Vereadores de Marabá vão participar de audiência pública da mineração em Parauapebas

Comissão Especial da Câmara Federal virá ouvir propostas para o novo Código da Mineração

 

Uma grande parte dos vereadores de Marabá vai para Parauapebas na próxima quarta-feira, dia 16, participar de uma audiência pública da Câmara dos Deputados, que está discutindo com a sociedade a criação do novo Código de Mineração Por conta disso, os vereadores de Marabá vão cancelar a sessão ordinária desse dia e irão para Parauapebas apresentar as demandas deste município para a comissão, que terá vários parlamentares.

O deputado federal Wandenkolk Gonçalves (PSDB–PA), membro titular da Comissão, esteve na Câmara Municipal de Marabá na última terça-feira para alertar a necessidade de Marabá se envolver nas discussões do novo Marco Regulatório da Mineração, que está prestes a ser votado pela Câmara dos Deputados e deverá causar várias mudanças para a região de Carajás. O deputado lembrou que uma reunião realizada em Belém, em agosto último, para debater o projeto, não contemplou os interesses da região do Carajás. “não foi possível ouvir alguns segmentos da sociedade e, principalmente, aqui na província do Carajás. Eu sabia que a população desta região tem elementos para contribuir com o debate”, explicou.

Segundo Wandenkolk, a região é uma das maiores produtoras de minério de ferro do país e em breve do mundo, devendo ser escutada pela Câmara dos Deputados. “O Carajás produz cerca de 120 milhões de toneladas de minério de ferro por ano, com perspectiva de aumento para 250 milhões de toneladas nos próximos anos. Além disso, todos os municípios da região sofrem com os impactos ambientais, sociais e econômicos que a atividade mineradora produz. Realizar audiência pública e debater de maneira séria com essa população é uma questão de bom senso, de justiça e de respeito” disse o parlamentar.

Wandenkolk defende que a alíquota da Contribuição pela Exploração dos Recursos Minerais (CFEM) - uma espécie de royalties da mineração passe dos atuais 2% líquido para 4% do bruto. “Não vamos apenas dobrar a arrecadação, mas mais que triplicar. No caso das minas de Carajás, por exemplo, a ideia é que 50% fiquem com Parauapebas e a outra metade seja rateada por outros municípios da região. A chance de melhorar nossa arrecadação é agora”, advertiu.

Da mesma forma, Marabá vai ficar apenas com 50% da arrecadação do Projeto Salobo e da Buritirama. O restante será rateado entre os municípios vizinhos. “A ideia da audiência pública em Parauapebas é abrir debate sobre as mudanças no código”, disse Wandenkolk.

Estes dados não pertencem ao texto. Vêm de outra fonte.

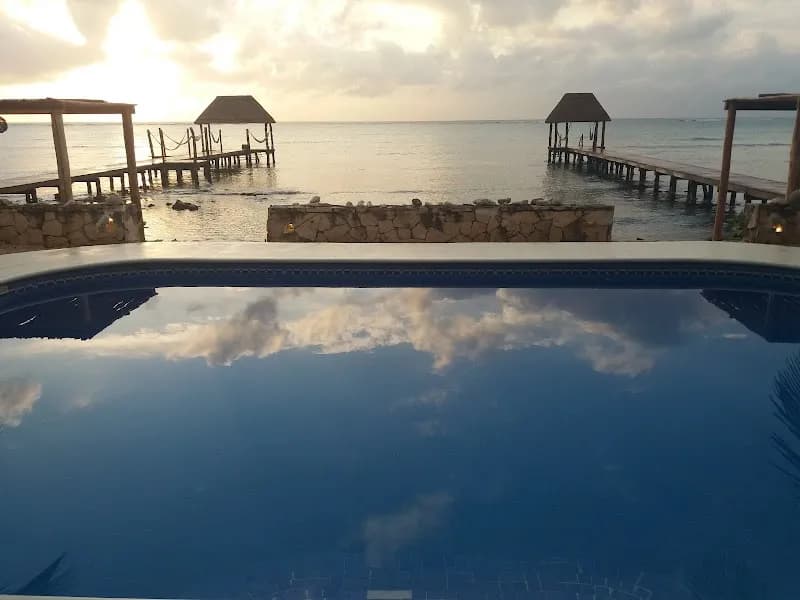 View of Casa Cenote in Akumal, QR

O vereador Miguel Gomes Filho reconheceu a necessidade de Marabá preparar um documento para apresentar na audiência pública no dia 16 e isso precisa ser feito urgentemente e de forma que contemple as necessidades do município.

Por sua vez, a vereadora Vanda Américo agradeceu vinda do deputado federal e ressaltou que a Câmara não tem técnico da área de mineração e pediu ao próprio Wandenkolk para construir na proposta para levar à audiência pública.

O vereador Guido Mutran mostrou-se contrário que Parauapebas fique com 50% do bolo tributário de todo o complexo Carajás e ainda mais um percentual em cima da outra metade.

A presidente da Câmara, Júlia Rosa, reconheceu a importância da audiência pública em Parauapebas e disse que a Câmara de Marabá, em peso, estará presente para participar do evento naquela cidade. Contudo, lamentou que Marabá, uma cidade pólo da região, não tenha sido escolhida para sediar esse evento.